> **What the task requires**:
Repeat the whole of the data, keeping every detail the same.

-------------------------

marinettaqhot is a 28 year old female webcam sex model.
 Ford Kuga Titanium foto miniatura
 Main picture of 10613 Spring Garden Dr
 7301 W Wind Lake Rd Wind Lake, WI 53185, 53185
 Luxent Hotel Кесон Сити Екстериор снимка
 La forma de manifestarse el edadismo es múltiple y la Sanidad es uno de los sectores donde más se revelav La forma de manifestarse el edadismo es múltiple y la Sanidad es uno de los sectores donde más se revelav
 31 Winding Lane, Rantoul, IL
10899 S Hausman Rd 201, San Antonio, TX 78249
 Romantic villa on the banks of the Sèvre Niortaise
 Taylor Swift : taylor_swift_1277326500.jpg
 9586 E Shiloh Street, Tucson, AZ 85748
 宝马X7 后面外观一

-------------------------

> **Written solution**:
marinettaqhot is a 28 year old female webcam sex model.
 Ford Kuga Titanium foto miniatura
 Main picture of 10613 Spring Garden Dr
 7301 W Wind Lake Rd Wind Lake, WI 53185, 53185
 Luxent Hotel Кесон Сити Екстериор снимка
 La forma de manifestarse el edadismo es múltiple y la Sanidad es uno de los sectores donde más se revelav La forma de manifestarse el edadismo es múltiple y la Sanidad es uno de los sectores donde más se revelav
 31 Winding Lane, Rantoul, IL
10899 S Hausman Rd 201, San Antonio, TX 78249
 Romantic villa on the banks of the Sèvre Niortaise
 Taylor Swift : taylor_swift_1277326500.jpg
 9586 E Shiloh Street, Tucson, AZ 85748
 宝马X7 后面外观一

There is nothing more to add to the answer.